A case in point is Motorola who relentlessly removed defects from their manufacturing processes, and the design of their pagers in the late 1980s and early 1990s using their Six Sigma approach. To their amazement their own market surveys showed that customer satisfaction did not improve and customers chose other manufacturers because they liked their design better. Motorola executives had defined improvement as reducing defects (“something you don’t want”). They had failed to think about what success would look like for Motorola from the customers' point of view.
Lost-time-injury rate reduction made things unsafe
In another example I worked with an industrial company who wanted to improve their safety record. This was measured by tracking the lost-time-injury rate (LTIR). The focus was on driving down the lost-time-injury rate. This seems logical, but notice that the focus is on what you don't want (lost time due to injuries). The pressure on reducing the lost-time-injury rate, led to an unwillingness by the employees to report injuries. They did not want to be seen as the employees who were spoiling the bonuses of their managers. Ironically this led to not reporting of injuries. While the LTIR went down, the work environment became more unsafe. This was exactly the opposite of what management intended to achieve. But it was a logical outcome of focusing on what you don't want.
All of this goes back to the basic axiom that Russel Ackoff presents:
“Improvement must be focused on what you want, and not on what you don’t want!"
"This can be easily proven,” he says. And this example draws on one of his lectures. “What are the chances if you switch on the TV that you get a program you like?” Ackoff figured out it is about 1 percent. “So if you switch the TV on and you have a program you don’t like - a defect - you can get rid of it by switching to another station. What is the chance you get a program you like? Again, it is only 1 percent. Focusing on what you don’t want and eliminating it, does not necessarily give you what you do want!” So if you want to improve, you need to focus on what you do want.
Focus on what you want and you find a bigger solution space
The second reason why this is sensible is that your solution space is much bigger than when you focus on what you don’t want.

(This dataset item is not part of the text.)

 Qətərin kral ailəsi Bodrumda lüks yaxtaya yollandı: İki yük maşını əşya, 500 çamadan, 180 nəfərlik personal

To go back to Russell Ackoff’s TV example, if what you want is to have an evening of good entertainment, you could play a DVD or download a movie from Apple iTunes or decide to go to a concert etc.. If you want to improve safety in your company, you must focus on creating a safety culture and review how this culture is created every day by supervisors and employees. Rather than measuring the lost-time-injury rate, you would start to get an impression of the safety culture, for example, through the use of narratives. You would meet with workers and explore what their ideas are to make the environment safer and what ideas they have to accomplish this.
If you want to make improvements, first explore with others who are involved what you want and can accomplish. Rather than focusing on defects, focus on what people find attractive and start moving in that direction.